IN RE: S. T., a Person Alleged to have a Mental Illness. STATE OF OREGON, Respondent, v. S. T., Appellant.
Appellant appeals the judgment committing him to the Oregon Health Authority for a period not to exceed 180 days pursuant to ORS 426.130. In the second of his three assignments of error, appellant argues that the record lacks sufficient evidence that, due to a mental disorder, appellant was a danger to self. The state concedes as to that assignment of error that “the evidence in the record does not meet the legal standard for involuntary commitment based on danger to self,” and that the error requires reversal of the trial court's judgment.1 We agree and accept the state's concession. Appellant raises two additional assignments of error—that he did not receive a required notice and that there was insufficient evidence for the trial court to conclude that he was unable or unwilling to participate in voluntary treatment—but our reversal of the judgment based on appellant's second assignment of error obviates the need to address the other assignments.

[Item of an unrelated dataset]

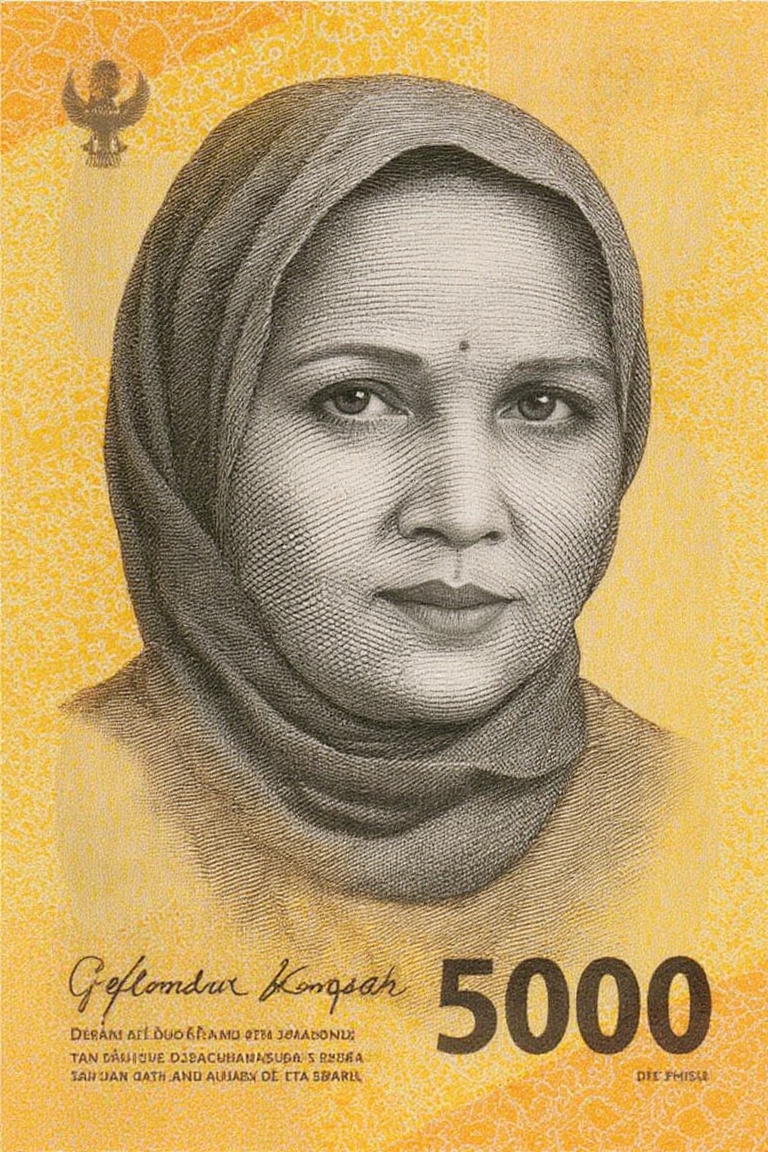 idr_rupiah,  money engraving,  portrait of arabic woman in yellow tone on Tensor.Art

1. The judgment—a check-the-box form—indicates that appellant was committed after the court determined that he was a person with a mental illness as defined in the statutory provision now numbered as ORS 426.005(1)(f)(A). That provision includes danger to self and others. The parties agree, however, that the court's sole basis for committing appellant was danger to self, and we also understand that to be the court's sole basis.